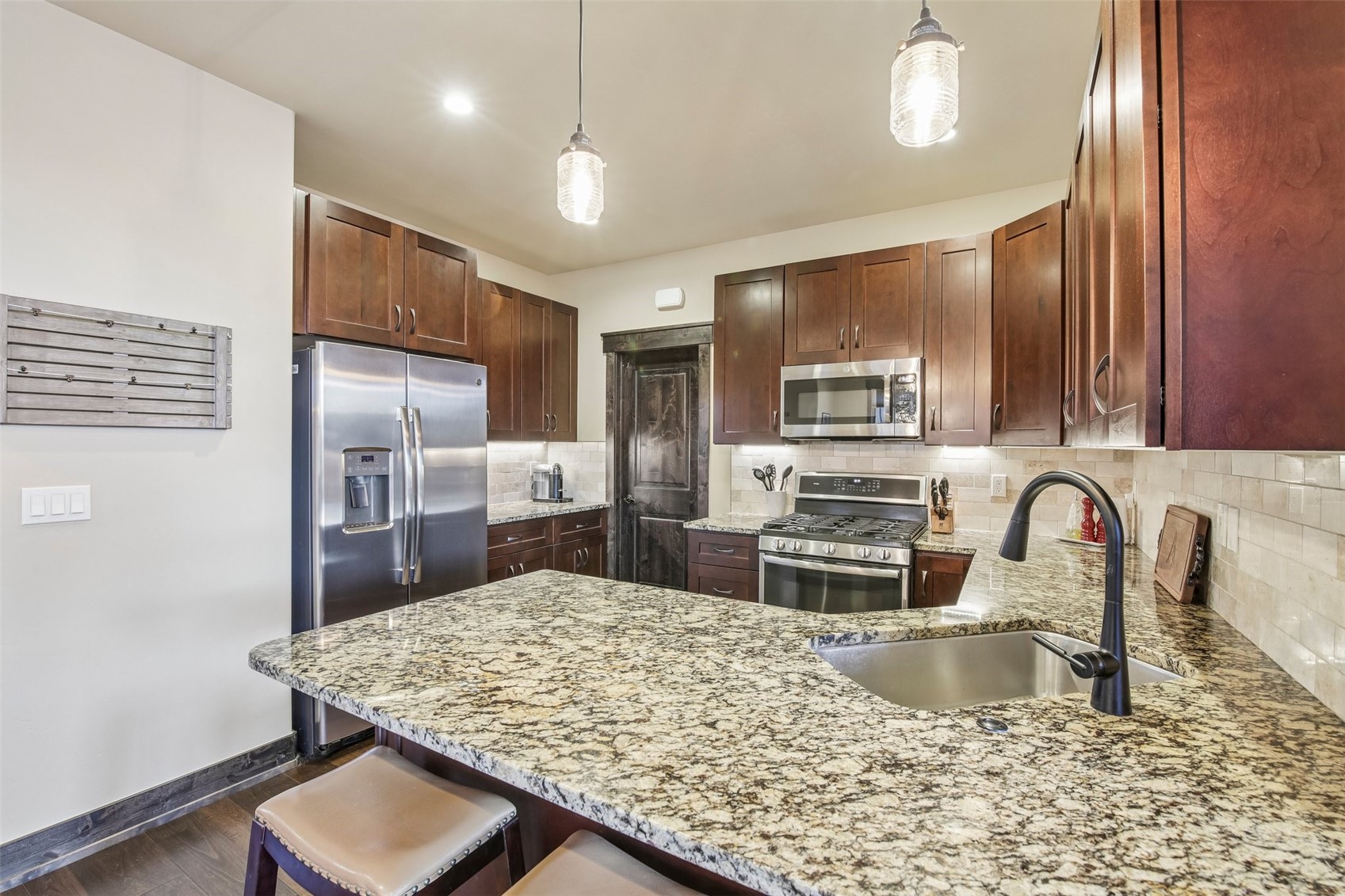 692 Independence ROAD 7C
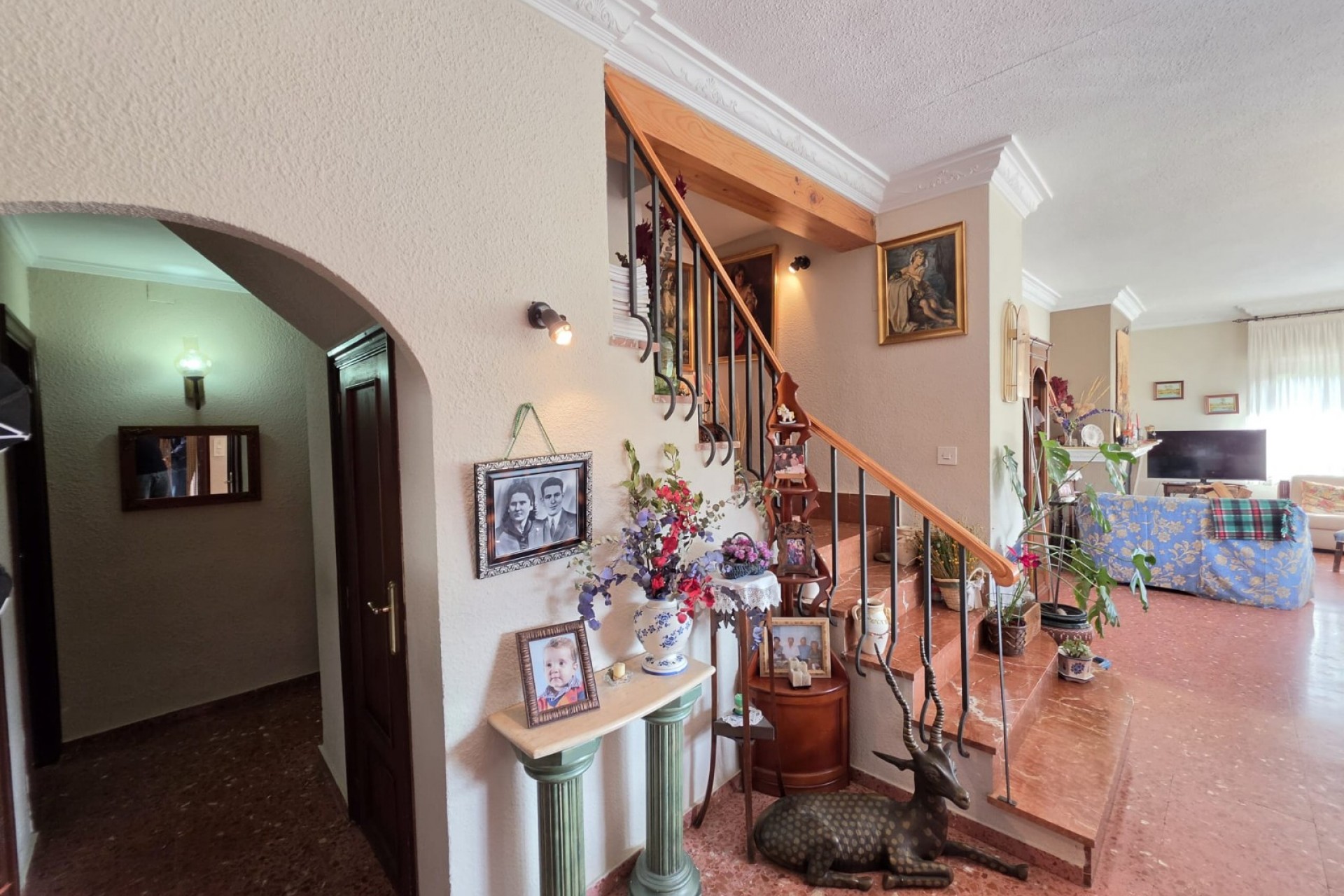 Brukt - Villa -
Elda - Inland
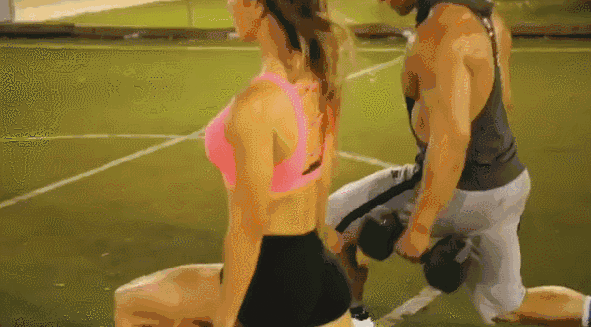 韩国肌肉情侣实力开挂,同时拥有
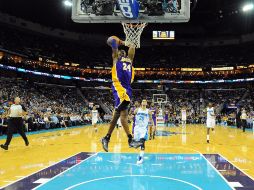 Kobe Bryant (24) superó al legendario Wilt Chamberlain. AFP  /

════════════════

:: PROBLEM STATEMENT ::
Here the lines from the one containing "韩国肌肉情侣实力开挂,同时拥有" through the end of the material are to be copied exactly, with the pictures omitted.

:: RESPONSE TO THIS EXERCISE ::
 韩国肌肉情侣实力开挂,同时拥有
 Kobe Bryant (24) superó al legendario Wilt Chamberlain. AFP  /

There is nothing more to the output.